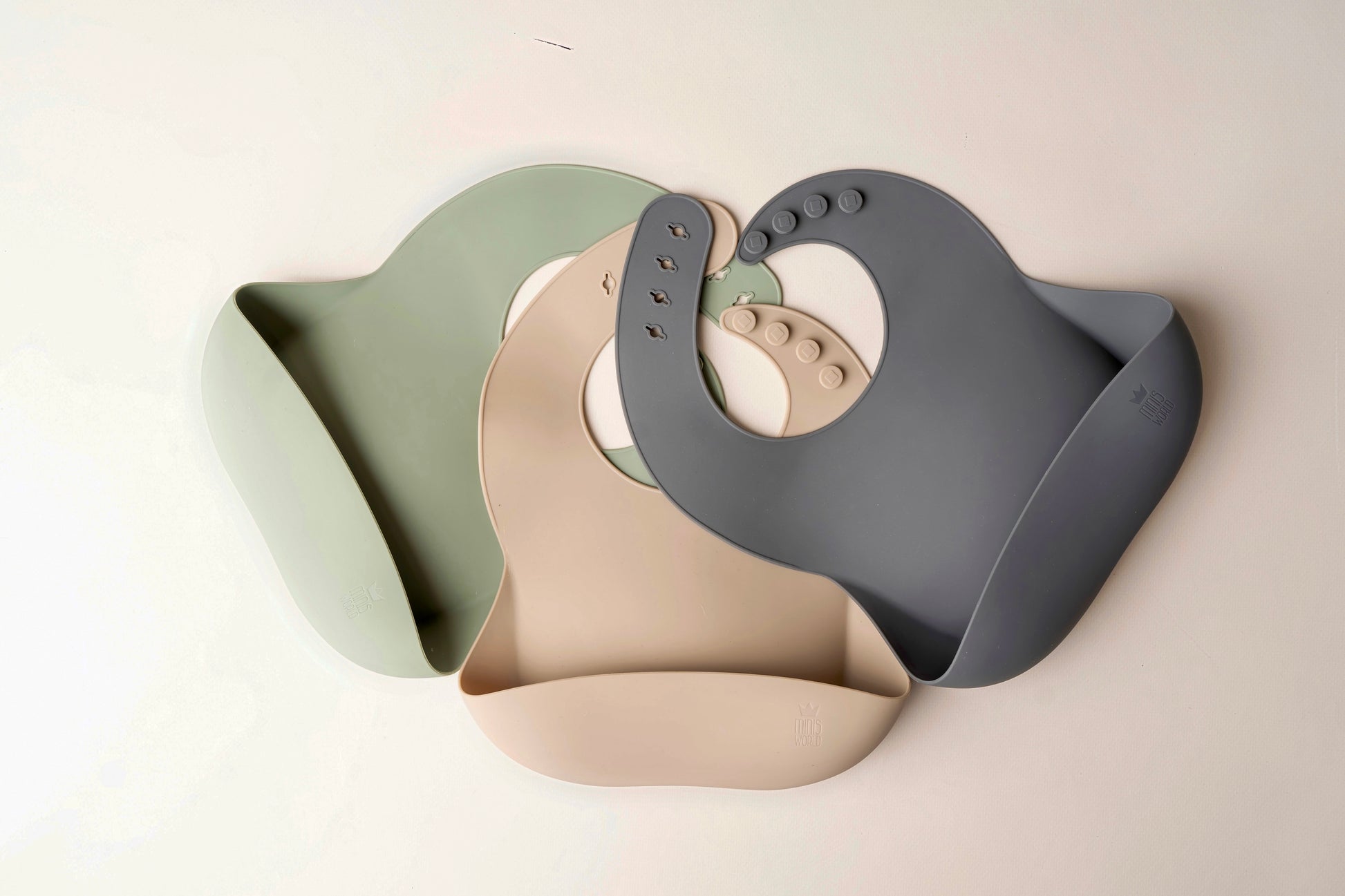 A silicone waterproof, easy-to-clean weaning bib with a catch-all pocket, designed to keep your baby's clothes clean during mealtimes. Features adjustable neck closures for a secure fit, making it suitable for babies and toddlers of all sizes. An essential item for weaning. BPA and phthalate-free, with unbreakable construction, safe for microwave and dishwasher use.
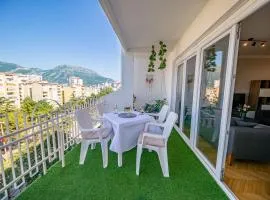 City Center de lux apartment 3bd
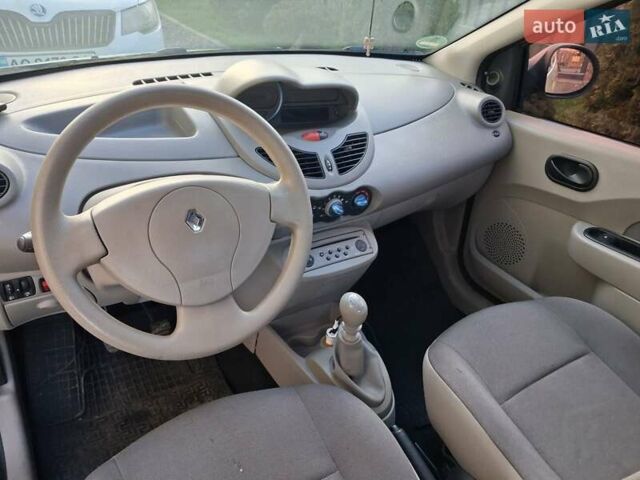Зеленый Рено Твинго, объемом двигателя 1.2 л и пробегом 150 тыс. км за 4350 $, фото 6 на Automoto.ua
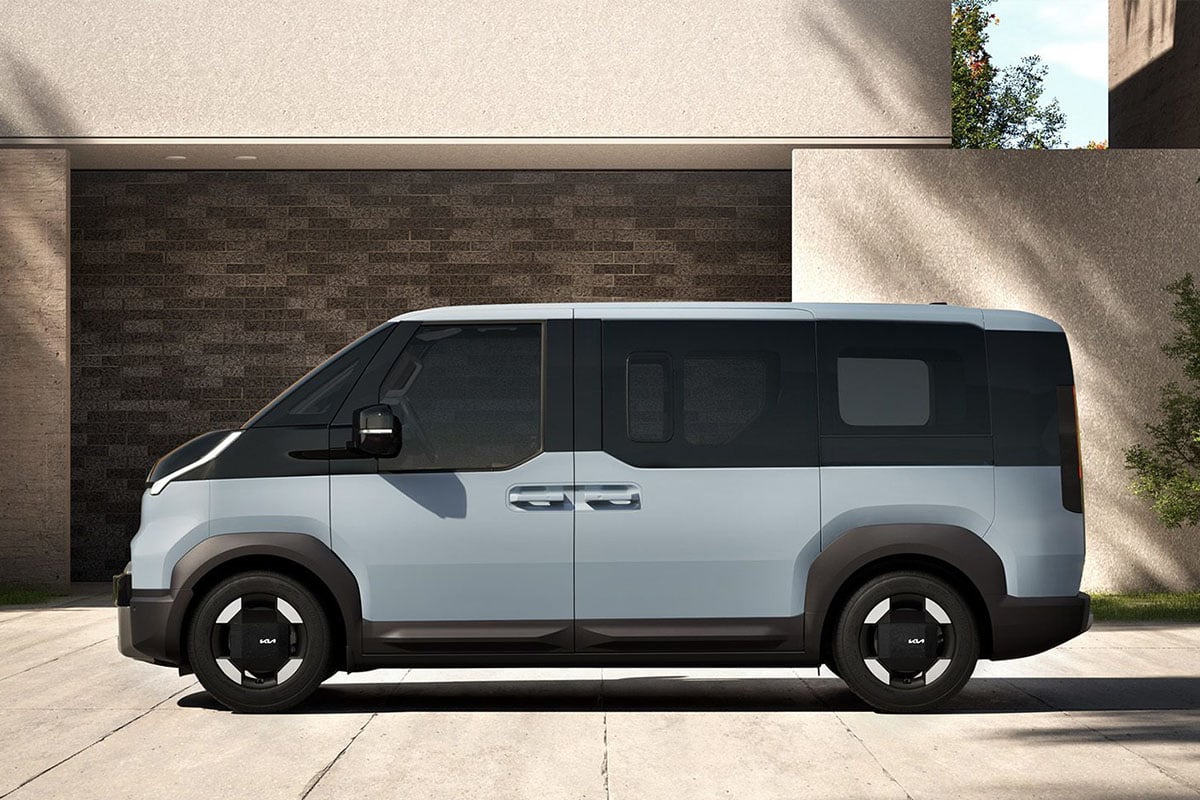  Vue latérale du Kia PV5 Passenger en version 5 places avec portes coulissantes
● ● ● ●
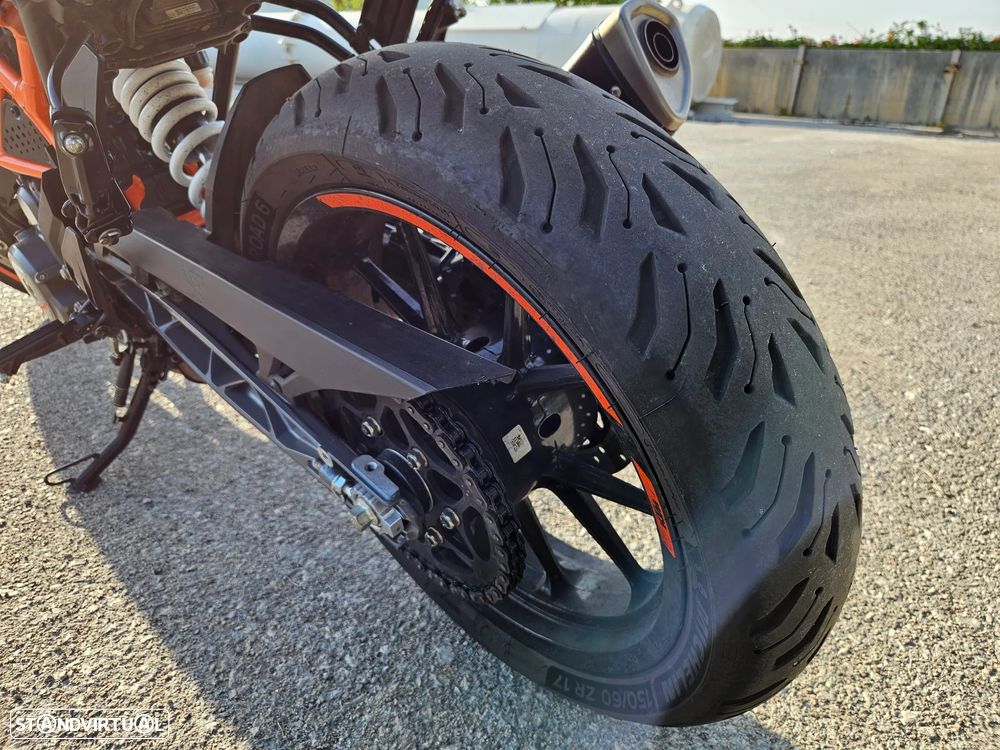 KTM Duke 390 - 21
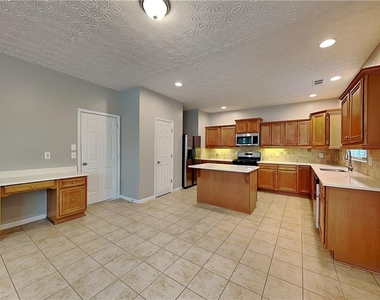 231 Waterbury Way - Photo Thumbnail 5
● ● ● ●
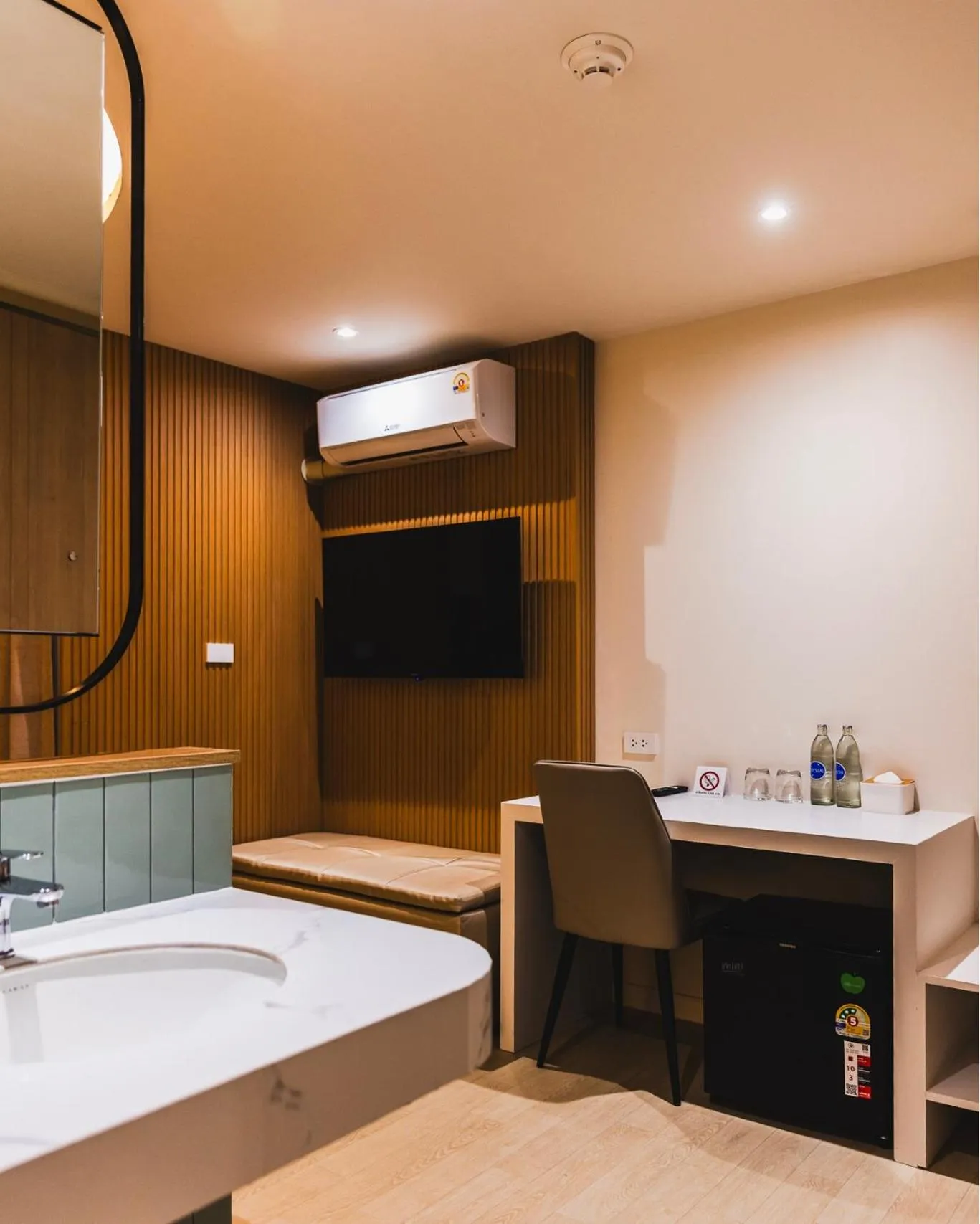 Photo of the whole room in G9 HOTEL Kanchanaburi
● ● ● ●
**What to produce:**
In the data above, start at the line holding "City Center de lux apartment 3bd" and stop after the line holding "Vue latérale du"; write out those lines exactly, without pictures.

**Reply to the task:**
 City Center de lux apartment 3bd
Зеленый Рено Твинго, объемом двигателя 1.2 л и пробегом 150 тыс. км за 4350 $, фото 6 на Automoto.ua
  Vue latérale du Kia PV5 Passenger en version 5 places avec portes coulissantes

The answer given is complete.